I left monitoring turned on, because it didn't crash for the first time so we knew what was going on:

Configuration:
######### APM Server Configuration ##########

############# APM Server ################

apm-server:
queue:
mem:
events: 150000
flush.min_events: 0
flush.timeout: 5s
max_procs: 4

#===== Outputs =====

#-------------------------- Elasticsearch output ------------------------------
output.elasticsearch:
hosts: ["ip:9200"]
worker: 2
bulk_max_size: 100000

Hi @lamka02sk,
we are investigating this. Could you check your server logs in the meantime, to check for any errors or warnings that are logged there.

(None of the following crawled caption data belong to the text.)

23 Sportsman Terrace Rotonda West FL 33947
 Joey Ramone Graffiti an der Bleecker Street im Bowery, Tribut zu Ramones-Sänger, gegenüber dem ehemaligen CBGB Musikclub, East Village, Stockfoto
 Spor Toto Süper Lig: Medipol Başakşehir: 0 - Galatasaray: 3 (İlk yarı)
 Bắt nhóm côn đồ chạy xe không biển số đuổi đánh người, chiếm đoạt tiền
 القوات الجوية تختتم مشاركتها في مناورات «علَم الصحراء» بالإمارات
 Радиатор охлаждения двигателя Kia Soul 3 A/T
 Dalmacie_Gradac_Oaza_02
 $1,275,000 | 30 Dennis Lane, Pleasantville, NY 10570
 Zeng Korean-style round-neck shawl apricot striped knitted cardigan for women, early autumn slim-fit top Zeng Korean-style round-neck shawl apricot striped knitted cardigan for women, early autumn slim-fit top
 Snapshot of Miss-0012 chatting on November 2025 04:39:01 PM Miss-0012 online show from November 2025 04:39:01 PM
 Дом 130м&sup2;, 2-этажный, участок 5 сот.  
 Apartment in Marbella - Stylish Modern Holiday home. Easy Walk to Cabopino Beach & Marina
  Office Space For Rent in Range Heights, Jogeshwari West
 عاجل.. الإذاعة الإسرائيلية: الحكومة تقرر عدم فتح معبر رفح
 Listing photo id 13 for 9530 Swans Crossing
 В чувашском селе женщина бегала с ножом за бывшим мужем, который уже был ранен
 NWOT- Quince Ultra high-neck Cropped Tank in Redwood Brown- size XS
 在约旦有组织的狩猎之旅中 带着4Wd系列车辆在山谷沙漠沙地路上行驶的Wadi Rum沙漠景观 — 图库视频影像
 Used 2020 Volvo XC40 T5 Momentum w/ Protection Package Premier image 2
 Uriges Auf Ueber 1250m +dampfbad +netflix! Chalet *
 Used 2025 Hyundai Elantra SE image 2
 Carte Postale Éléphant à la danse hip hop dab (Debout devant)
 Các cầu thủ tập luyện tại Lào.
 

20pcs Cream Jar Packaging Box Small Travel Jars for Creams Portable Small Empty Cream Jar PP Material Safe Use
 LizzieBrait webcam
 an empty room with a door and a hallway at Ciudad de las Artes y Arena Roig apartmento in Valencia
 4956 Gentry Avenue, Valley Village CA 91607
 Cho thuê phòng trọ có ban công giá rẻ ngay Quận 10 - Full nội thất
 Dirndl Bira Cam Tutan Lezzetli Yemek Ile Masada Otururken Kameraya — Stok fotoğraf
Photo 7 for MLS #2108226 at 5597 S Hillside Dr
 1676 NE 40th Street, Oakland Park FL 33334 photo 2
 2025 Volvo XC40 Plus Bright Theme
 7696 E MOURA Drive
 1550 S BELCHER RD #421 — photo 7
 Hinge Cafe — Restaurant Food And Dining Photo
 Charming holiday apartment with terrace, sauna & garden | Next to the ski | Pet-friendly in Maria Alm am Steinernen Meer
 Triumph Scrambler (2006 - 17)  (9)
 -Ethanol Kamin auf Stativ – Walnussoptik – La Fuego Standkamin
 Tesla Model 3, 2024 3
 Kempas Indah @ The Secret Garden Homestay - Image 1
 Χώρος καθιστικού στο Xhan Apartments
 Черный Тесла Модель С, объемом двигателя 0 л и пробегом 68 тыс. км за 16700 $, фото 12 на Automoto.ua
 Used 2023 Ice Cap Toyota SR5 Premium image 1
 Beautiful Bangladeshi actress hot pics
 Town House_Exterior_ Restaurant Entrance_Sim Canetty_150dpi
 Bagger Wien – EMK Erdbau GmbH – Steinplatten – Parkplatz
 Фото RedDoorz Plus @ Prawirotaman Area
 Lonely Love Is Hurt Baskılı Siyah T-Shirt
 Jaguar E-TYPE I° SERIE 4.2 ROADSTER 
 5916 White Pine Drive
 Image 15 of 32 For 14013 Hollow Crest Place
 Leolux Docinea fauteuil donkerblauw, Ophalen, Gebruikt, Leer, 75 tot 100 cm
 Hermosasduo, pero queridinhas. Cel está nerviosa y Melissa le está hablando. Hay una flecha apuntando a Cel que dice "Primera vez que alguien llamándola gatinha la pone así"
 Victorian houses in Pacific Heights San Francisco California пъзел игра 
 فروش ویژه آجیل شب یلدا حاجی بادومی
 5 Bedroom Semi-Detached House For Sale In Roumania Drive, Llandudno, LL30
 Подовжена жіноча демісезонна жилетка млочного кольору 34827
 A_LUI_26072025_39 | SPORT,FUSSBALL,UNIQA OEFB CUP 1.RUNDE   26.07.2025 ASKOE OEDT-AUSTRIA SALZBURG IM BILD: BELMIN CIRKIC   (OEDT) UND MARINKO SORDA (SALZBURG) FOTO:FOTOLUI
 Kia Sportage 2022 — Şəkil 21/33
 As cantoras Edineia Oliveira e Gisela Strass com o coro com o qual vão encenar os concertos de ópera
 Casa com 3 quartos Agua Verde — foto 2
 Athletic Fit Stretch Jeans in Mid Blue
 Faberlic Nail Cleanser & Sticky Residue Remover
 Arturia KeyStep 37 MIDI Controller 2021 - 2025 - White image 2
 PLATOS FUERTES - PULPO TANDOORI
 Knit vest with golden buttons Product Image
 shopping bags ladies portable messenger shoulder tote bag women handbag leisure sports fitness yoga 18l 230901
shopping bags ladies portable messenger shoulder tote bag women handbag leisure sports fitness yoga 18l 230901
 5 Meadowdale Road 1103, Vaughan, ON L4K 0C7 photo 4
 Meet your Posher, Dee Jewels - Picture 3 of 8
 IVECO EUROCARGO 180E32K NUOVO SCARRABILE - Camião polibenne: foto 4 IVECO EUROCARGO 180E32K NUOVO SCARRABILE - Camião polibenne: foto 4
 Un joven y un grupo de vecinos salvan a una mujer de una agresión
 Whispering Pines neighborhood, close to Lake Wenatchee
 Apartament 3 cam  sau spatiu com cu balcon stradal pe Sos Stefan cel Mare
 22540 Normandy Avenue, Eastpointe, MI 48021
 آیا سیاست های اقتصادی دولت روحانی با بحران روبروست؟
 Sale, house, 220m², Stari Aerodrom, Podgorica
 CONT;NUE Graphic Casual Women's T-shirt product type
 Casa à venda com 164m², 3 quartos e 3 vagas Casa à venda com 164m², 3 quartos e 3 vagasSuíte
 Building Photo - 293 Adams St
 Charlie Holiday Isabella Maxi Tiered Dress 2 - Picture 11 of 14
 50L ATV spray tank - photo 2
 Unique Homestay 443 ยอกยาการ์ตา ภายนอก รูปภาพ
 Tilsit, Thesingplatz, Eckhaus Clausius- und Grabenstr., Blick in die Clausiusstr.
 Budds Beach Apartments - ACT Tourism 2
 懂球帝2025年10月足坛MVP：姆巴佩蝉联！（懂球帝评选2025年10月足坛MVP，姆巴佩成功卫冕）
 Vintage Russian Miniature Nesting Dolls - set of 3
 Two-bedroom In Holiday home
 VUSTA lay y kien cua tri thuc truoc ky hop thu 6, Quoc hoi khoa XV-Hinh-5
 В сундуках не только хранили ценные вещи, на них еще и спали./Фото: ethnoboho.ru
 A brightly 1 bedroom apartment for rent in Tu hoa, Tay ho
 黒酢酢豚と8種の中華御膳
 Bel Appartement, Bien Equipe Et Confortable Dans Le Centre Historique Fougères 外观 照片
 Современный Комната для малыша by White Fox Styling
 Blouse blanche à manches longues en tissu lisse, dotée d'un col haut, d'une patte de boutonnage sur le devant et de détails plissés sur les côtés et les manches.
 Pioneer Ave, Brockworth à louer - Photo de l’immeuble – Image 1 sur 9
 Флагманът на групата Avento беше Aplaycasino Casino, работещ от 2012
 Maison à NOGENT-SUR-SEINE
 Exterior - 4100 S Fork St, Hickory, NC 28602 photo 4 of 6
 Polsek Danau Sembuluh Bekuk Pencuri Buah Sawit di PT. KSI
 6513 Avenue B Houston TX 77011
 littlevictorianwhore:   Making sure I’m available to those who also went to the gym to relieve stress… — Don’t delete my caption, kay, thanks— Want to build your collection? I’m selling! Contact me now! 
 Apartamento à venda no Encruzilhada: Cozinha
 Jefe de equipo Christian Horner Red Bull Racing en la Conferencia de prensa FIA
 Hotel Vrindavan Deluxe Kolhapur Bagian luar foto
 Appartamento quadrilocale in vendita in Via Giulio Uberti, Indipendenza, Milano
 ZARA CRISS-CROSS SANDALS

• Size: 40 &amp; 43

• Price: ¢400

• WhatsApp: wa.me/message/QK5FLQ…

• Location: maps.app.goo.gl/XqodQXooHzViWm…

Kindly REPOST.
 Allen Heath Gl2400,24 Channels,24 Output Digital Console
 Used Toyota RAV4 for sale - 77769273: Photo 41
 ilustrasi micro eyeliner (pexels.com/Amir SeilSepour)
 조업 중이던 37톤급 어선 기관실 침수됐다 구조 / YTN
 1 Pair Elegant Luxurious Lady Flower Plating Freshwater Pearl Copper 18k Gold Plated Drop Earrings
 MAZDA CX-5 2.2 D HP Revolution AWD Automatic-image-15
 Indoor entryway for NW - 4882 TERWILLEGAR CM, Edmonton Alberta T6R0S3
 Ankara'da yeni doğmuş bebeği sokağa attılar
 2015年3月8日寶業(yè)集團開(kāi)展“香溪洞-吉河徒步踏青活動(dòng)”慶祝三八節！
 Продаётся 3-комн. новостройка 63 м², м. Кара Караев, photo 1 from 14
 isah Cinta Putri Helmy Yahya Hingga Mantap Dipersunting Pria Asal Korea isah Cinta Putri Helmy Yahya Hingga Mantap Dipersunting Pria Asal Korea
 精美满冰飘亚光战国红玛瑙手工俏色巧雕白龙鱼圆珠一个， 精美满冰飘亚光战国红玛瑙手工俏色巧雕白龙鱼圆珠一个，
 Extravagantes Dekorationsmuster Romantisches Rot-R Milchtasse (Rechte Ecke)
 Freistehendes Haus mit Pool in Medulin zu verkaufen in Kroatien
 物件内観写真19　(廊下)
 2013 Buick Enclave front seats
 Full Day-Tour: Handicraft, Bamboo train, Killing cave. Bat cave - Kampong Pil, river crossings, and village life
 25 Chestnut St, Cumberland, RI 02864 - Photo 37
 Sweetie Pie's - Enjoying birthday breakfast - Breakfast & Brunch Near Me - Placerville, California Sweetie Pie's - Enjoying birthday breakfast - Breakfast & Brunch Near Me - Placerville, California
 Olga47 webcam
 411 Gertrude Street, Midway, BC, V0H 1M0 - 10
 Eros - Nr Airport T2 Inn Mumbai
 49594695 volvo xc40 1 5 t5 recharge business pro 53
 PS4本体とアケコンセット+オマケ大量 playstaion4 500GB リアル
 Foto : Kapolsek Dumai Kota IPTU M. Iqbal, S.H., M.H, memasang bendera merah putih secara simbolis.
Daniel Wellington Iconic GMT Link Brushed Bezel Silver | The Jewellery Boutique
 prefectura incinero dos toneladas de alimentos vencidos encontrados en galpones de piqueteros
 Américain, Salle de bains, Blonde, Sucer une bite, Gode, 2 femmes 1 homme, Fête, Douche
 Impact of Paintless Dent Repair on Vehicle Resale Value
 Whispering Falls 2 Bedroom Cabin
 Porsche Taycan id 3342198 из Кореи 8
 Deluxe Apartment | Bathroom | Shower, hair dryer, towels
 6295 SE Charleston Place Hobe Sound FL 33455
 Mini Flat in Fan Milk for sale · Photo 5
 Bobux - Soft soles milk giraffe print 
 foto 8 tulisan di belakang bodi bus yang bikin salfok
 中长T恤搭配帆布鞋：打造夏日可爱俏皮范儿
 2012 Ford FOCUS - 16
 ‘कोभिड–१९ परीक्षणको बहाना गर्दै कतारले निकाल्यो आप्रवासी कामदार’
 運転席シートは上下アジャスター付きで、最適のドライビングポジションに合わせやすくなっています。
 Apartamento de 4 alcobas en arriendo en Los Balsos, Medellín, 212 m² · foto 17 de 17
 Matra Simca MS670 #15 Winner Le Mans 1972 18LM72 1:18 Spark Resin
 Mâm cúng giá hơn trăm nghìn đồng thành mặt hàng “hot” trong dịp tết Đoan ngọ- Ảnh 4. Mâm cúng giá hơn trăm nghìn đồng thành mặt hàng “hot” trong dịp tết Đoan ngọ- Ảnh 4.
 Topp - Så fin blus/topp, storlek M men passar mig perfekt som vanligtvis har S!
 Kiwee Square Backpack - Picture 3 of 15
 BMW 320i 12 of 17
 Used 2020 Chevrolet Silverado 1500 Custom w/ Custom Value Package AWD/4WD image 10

Hello @simitt, I am sorry, but I could not find anything in the logs from the time of crash. APM does not keep logs at all and Elasticsearch logs are almost empty except some unrelated stuff.

APM does not keep logs at all

Do you mean that you have disabled keeping logs? By default the APM Server does write to log files.

I assume you might encounter a similar bug to what we have seen in another discuss entry (APM Failed to publish events: temporary bulk send failure / Queue is full 503 error).
From 7.4 on apm pipelines are enabled by default, and a new field client.ip is indexed. Providing invalid data for fields that are part of the pipelines, can lead to errors and ingestion retries. This seems to happen in some cases for 7.4 for the client.ip field. There is a bug fix for this, that will be part of the next patch release for 7.4.
Until then I suggest you disable the pipeline, and remove the client.ip field from being ingested. You can do so by changing your apm-servery.yml file to include following settings:

output.elasticsearch.pipeline: "_none"
processors:
  - drop_fields:
      fields: ["client.ip"]
      ignore_missing: true

Hope this solves your issues, apologies for the inconveniences.

Hi,

i can confirm that it works now

many thanks
tomislav

@simitt Any ETA for that patch? We have the same issue but unfortunately cannot apply that workaround because Elastic Cloud doesn't allow these settings to be set.

1 Like

+1. Looks like we're in the same boat. Just been trying to tune the APM server for some bursts of "queue is full" and I think it's the same condition.

Is there a workaround for Elastic Cloud customers and/or a date for the fix?

1 Like

I can confirm that upgrading to 7.4.1 fixes the issue. It now works.

1 Like

@dnorth98 7.4.1 including the patch was released today, you can enable the pipeline again and get rid of dropping the field. Thanks for confirming it works as expected @rocketleap.

Thanks! Just updated the cluster and I'll keep an eye on the queue ingest errors for the next little bit.

This topic was automatically closed 20 days after the last reply. New replies are no longer allowed.